Le imprese hanno tutto e per questa ragione persino il sindacalismo giallo, che pure non tramonterà mai, sul piano generale non serve più. Lo stesso governo tratta a pesci in faccia in egual misura Cgil Cisl Uil perché non sa che farsene delle diverse disponibilità o contrarietà, va avanti indisturbato. Inoltre i bilanci di Cgil Cisl Uil sono sempre più in rosso e il dato clamoroso della disaffezione sindacale da parte dei lavoratori è sempre più difficile da occultare e minimizzare. Tutte queste crisi e queste debolezze inducono all’unità della salvezza il sindacalismo confederale. Il nuovo patto corporativo che si profila dopo l’accordo unitario sul modello non riguarderà solo la contrattazione o il mero agire sindacale. Cgil Cisl Uil e Confindustria discuteranno del modello sociale di questo paese.
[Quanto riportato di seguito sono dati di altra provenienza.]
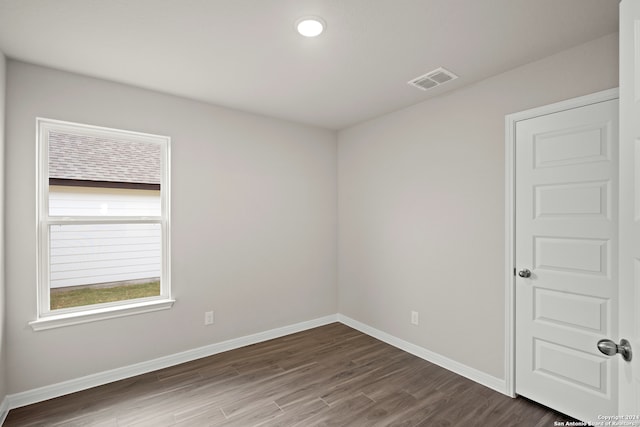 spare room with dark hardwood / wood-style floors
In gioco ci sono le libertà sindacali dei singoli lavoratori, anche su rappresentanza e sciopero, profondamente lese proprio dalle regole ad excludendum del 10 gennaio 2014 che, da accordo privato, potrebbe divenire legge dello stato nei prossimi mesi. Così come si discuterà di partecipazione dei lavoratori all’impresa sul modello tedesco in salsa italiana. Il tema del welfare contrattuale è un altro dei capisaldi dell’intesa tra Cgil Cisl Uil. Organizzazioni che hanno ormai accettato di accompagnare il processo di liquidazione dello stato sociale frutto delle straordinarie conquiste di due secoli di lotte per l’emancipazione del movimento dei lavoratori. Per il padronato il welfare contrattuale è terra di conquista, sia per la riduzione del peso dello stato sul costo del lavoro, sia per gli enormi profitti che potranno realizzare sulle spalle della povera gente privatizzando sanità e previdenza.
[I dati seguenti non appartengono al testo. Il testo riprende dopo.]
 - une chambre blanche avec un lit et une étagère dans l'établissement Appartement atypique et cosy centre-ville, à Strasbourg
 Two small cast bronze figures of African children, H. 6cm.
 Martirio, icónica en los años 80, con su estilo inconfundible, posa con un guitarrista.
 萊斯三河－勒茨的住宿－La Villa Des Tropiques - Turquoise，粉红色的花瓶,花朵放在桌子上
In sostanza con il Patto che rischia di chiudersi con Confindustria il sindacalismo confederale espliciterebbe il cambio radicale della sua natura e dei suoi obbiettivi. Sindacato e padrone non rappresenterebbero più due punti di vista diversi tra loro, antagonisti, conflittuali ma concorrerebbero entrambi all’interesse univoco dell’impresa, “bene comune”. Un pezzo del corporativismo che dilaga ovunque in Europa con il corollario classico di repressione, autoritarismo e guerra. Nulla di buono sotto l’albero di natale quindi. Le segreterie Cgil Cisl Uil hanno confezionato un regalo davvero indigesto per le lavoratrici e i lavoratori, per le classi popolari. Ci sarà meno salario, meno diritti, meno sindacato. Quando qualcuno tratta per me senza chiedermelo difficilmente potrà mai rispondere ai miei bisogni. Sarebbe sufficiente denunciare il carattere occulto di questa trattativa per capire come in questi mesi si è lavorato ad un accordo a perdere. Iniziamo a denunciarlo. Il sindacalismo di classe può e deve avere un presente ed un futuro. Rifiutiamo il regalo indigesto!